Incidentally, this force F resulting from the transmission of
driving force from the gear 55 to the gear 307 belongs to a closed
system confined within the rotary, affecting very little the
pressure applied to the photoconductive drum 1 by the cartridge
40.
[0068] (Structure for Keeping Development Cartridge pressed upon
photoconductive Drum)
[0069] In this embodiment, four color development cartridges 40 are
held in the rotary 4. The cartridge 40 in the development position
is kept pressed upon the photoconductive drum 1 in the following
manner.
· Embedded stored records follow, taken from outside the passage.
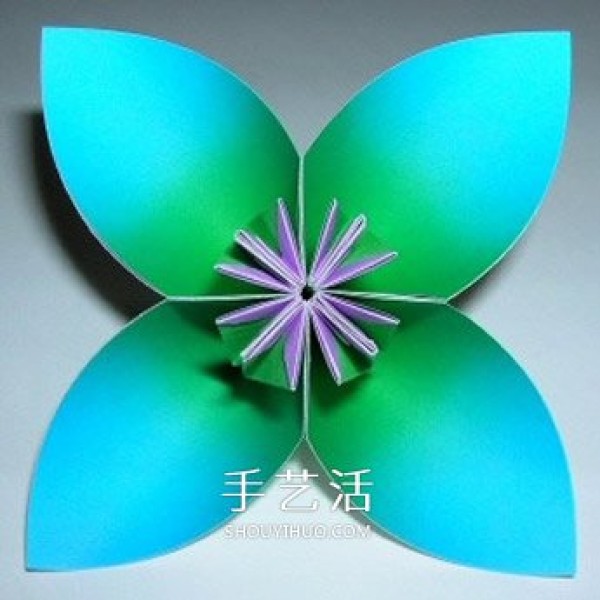 Illustration of the origami method of six four-petal flowers combined into beautiful flower balls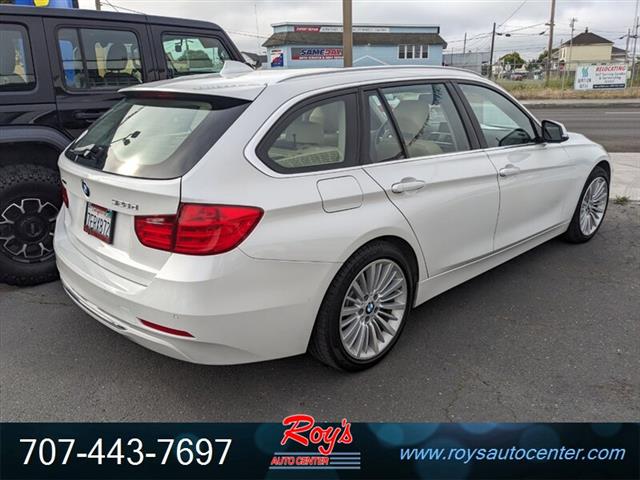 2015 328d xDrive AWD Wagon image 4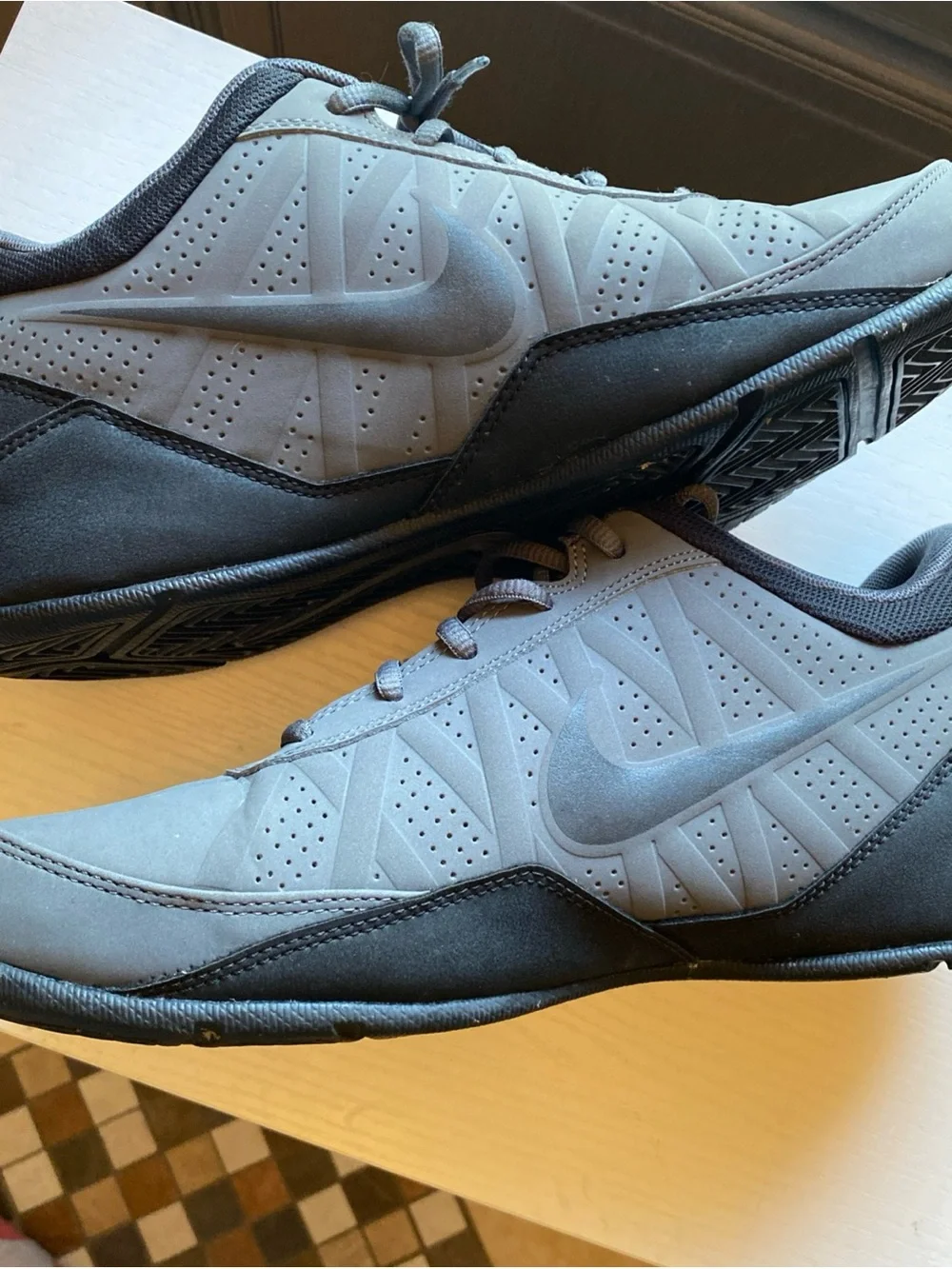 Nike classic men’s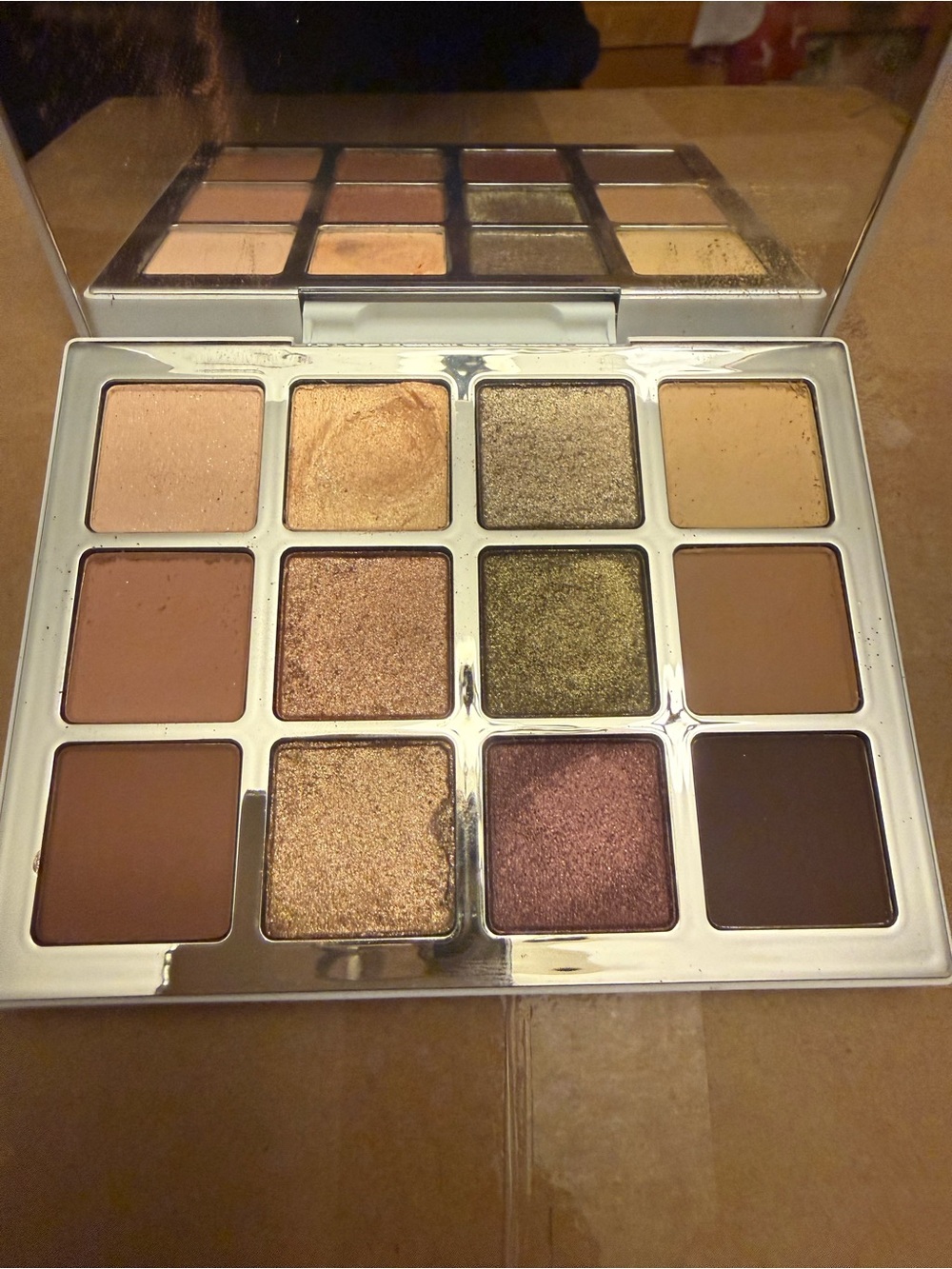 Makeup By Mario Warm Neutrals Palette - Gold, Bronze, Brown, Green, Pink - Picture 2 of 7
As described above, the flanges 50 are rotationally
supported by the side plates 54, and each side plate 54 is attached
by its top portion to a pivotal shaft 60 attached to a side plate,
on the corresponding side, of the apparatus main assembly A; in
other words, each side plate 54 is pivotally supported by the
corresponding side plate of the apparatus main assembly A. Thus,
the cartridge 40, flanges 50, and side plates 54 pivot together;
the rotary 4 pivots while holding the four cartridges 40, causing
one of the cartridge 40 to be pressed upon the photoconductive drum
1 or moving it away from the photoconductive drum 1. This pivoting
of the rotary 4 for pressing the cartridge 40 upon the
photoconductive drum 1 or moving it away from the photoconductive
drum 1 is caused by pushing up the rotary stay fixed to the side
plate 541 by the rotation of a cam (unillustrated).
[0070] (Controlling of Rotary Rotation)
[0071] Referring to FIG. 3, the peripheral portion of each of the
flanges 50 constitutes a gear 50b, which is an integrally formed
part of the flange 50. This gear 50b is meshed with a follower gear
59 located at each lengthwise end of the rotary 40. The two
follower gears 59, one at each lengthwise end of the rotary 40, are
connected with a rotational shaft 59a so that as one of the flanges
50 rotates, the other will be rotated in the same phase, through
the gears 59. With the provision of the above described driving
mechanism, it is prevented that one of the flanges 50 becomes
twisted when the flanges 50 are rotated, or when the development
roller is driven. The rotary driving gear 60a for rotating the
flange 50 is disposed so that the pivotal axis of the gear 60a
coincides with that of the side plate 54; in other words, it is
attached to the pivotal shaft 60a, which is connected to the rotary
driving motor 61. Attached to the end of the rotational shaft of
the motor 61 is a known encoder 62, which detects the revolution of
the motor 61 and controls it. The flange 50 is provided with a flag
57, which projects from the peripheral portion of the flange 50 in
the direction perpendicular to the flange 50. As the flange 50 is
rotated, the flag 57 rotates with the flange 50, passing a
photo-interrupter 58 fixed to the side plate 54.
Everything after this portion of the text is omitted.